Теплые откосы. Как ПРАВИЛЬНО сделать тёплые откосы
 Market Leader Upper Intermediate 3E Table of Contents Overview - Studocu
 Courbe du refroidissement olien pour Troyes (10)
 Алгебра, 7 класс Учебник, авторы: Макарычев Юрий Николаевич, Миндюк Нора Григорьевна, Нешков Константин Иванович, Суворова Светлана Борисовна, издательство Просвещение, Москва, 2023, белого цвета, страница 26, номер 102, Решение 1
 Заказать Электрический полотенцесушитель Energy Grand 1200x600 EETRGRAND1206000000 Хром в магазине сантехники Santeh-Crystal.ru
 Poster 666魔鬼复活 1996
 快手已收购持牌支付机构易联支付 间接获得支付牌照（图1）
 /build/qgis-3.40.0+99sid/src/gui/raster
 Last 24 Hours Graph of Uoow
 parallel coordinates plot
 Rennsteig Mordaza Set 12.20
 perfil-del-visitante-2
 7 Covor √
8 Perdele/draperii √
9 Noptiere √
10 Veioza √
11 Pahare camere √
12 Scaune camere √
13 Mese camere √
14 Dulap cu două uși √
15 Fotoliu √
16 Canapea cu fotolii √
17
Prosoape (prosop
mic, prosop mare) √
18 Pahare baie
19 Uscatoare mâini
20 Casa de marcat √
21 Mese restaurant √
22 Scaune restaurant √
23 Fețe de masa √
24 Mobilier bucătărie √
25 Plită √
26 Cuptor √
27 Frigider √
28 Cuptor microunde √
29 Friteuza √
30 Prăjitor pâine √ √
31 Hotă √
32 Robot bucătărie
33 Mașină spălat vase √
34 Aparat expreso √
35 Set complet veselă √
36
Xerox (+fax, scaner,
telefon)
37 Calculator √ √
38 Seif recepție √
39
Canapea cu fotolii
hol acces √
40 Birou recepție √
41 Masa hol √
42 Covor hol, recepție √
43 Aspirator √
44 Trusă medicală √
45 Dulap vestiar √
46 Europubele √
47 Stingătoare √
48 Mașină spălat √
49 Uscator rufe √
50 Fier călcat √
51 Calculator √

• **DIRECTIONS FOR THIS TASK**
The answer is the lines above between the line holding "15 Fotoliu √" and the line holding "hol acces √", inclusive, each written out exactly, and no others.

• **RESPONSE**
15 Fotoliu √
16 Canapea cu fotolii √
17
Prosoape (prosop
mic, prosop mare) √
18 Pahare baie
19 Uscatoare mâini
20 Casa de marcat √
21 Mese restaurant √
22 Scaune restaurant √
23 Fețe de masa √
24 Mobilier bucătărie √
25 Plită √
26 Cuptor √
27 Frigider √
28 Cuptor microunde √
29 Friteuza √
30 Prăjitor pâine √ √
31 Hotă √
32 Robot bucătărie
33 Mașină spălat vase √
34 Aparat expreso √
35 Set complet veselă √
36
Xerox (+fax, scaner,
telefon)
37 Calculator √ √
38 Seif recepție √
39
Canapea cu fotolii
hol acces √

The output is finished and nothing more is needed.